++++ RECORD SET

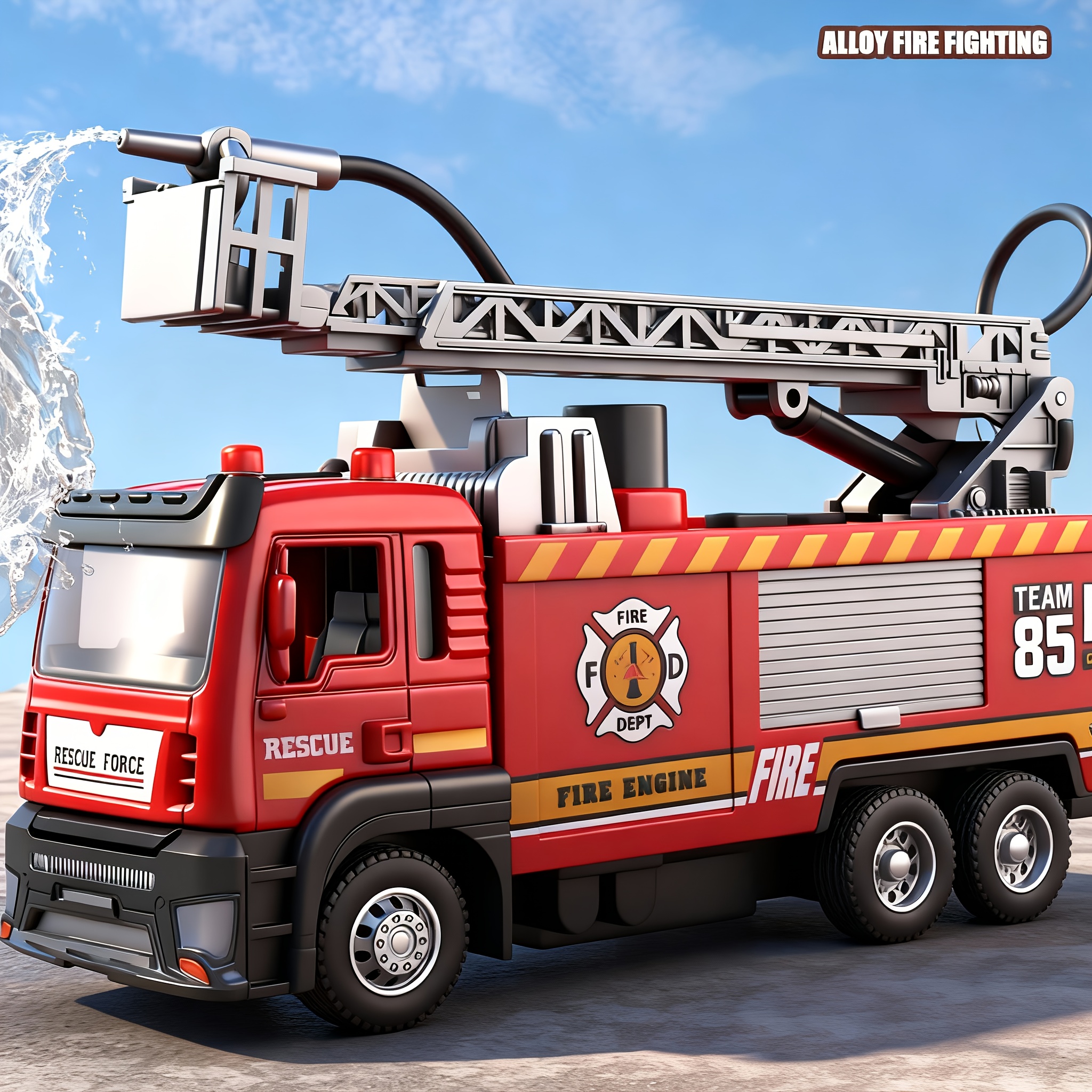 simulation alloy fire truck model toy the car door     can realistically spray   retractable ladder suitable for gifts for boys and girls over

++++++++
++++ RECORD SET

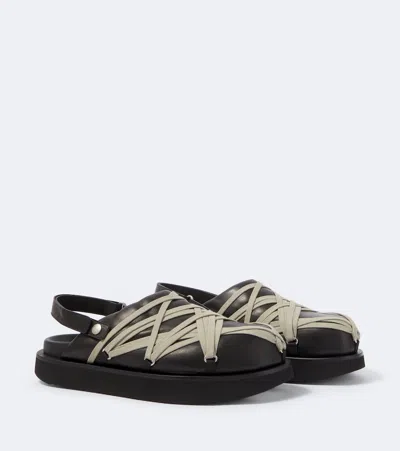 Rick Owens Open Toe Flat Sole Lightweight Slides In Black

++++++++
++++ RECORD SET

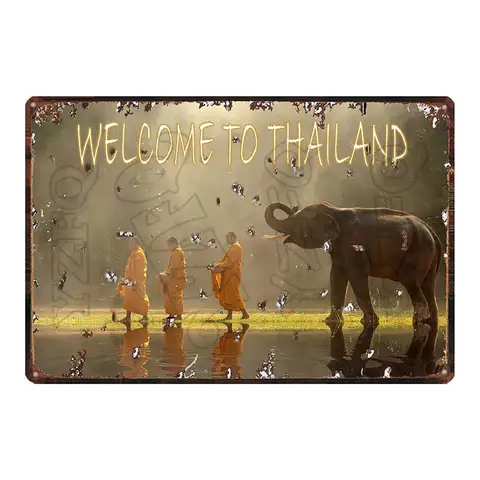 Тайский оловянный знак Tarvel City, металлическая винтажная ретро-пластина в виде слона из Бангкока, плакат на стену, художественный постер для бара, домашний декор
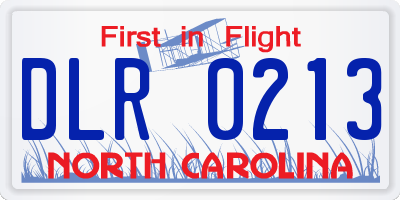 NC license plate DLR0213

++++++++

▶ [PROBLEM STATEMENT]: Take the material above from the line containing "Тайский оловянный знак" up to and including the line containing "NC license plate DLR0213" and retype it exactly, without any pictures.

▶ [ANSWER BOX]:
 Тайский оловянный знак Tarvel City, металлическая винтажная ретро-пластина в виде слона из Бангкока, плакат на стену, художественный постер для бара, домашний декор
 NC license plate DLR0213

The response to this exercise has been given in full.